#### [DATA BELOW]
=== Section Start ===

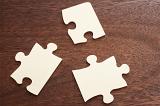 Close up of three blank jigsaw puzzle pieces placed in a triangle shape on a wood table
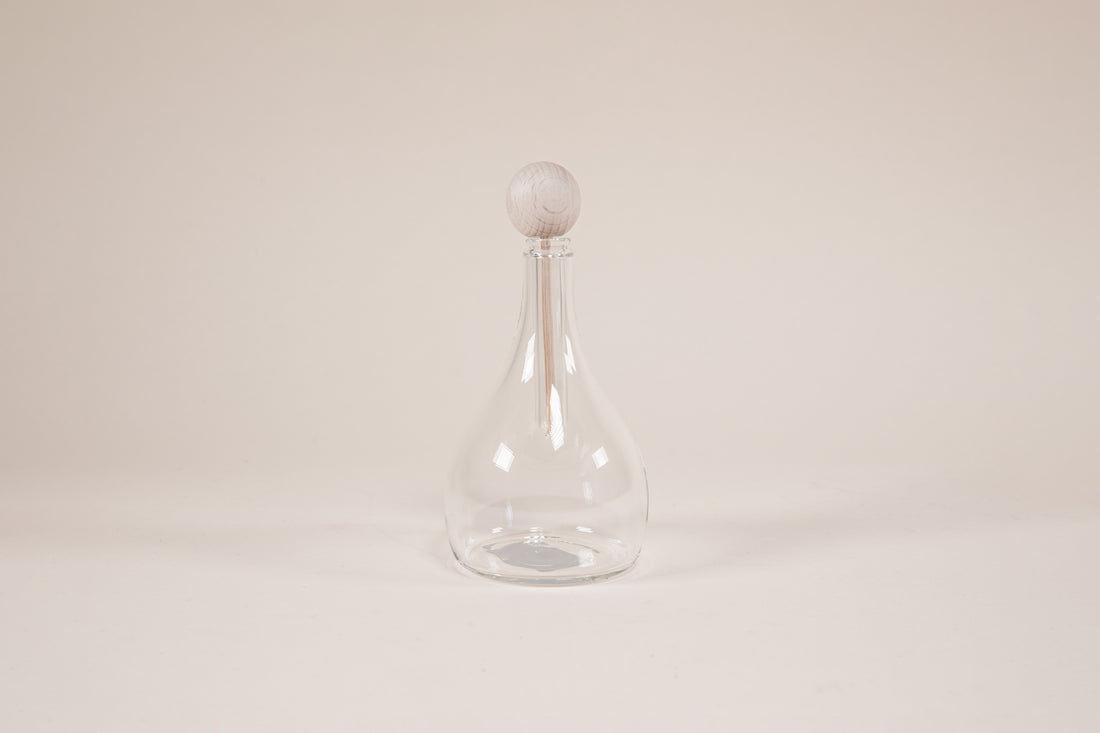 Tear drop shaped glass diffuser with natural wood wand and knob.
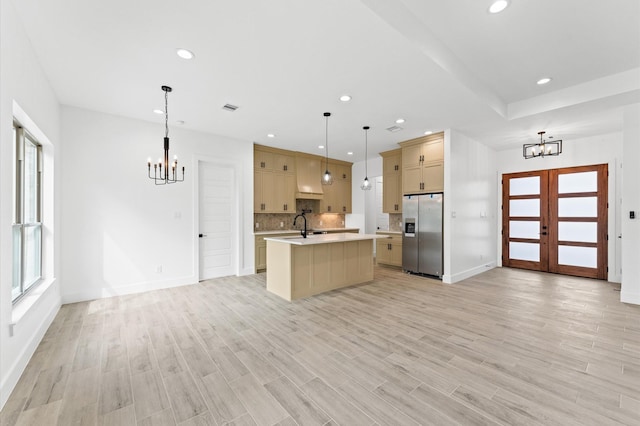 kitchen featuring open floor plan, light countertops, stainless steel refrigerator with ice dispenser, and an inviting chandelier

=== Section End ===

#### [WORK TASK]
All of the data above should be quoted exactly, except for the pictures.

#### [COMPLETED EXERCISE]
 Close up of three blank jigsaw puzzle pieces placed in a triangle shape on a wood table
 Tear drop shaped glass diffuser with natural wood wand and knob.
 kitchen featuring open floor plan, light countertops, stainless steel refrigerator with ice dispenser, and an inviting chandelier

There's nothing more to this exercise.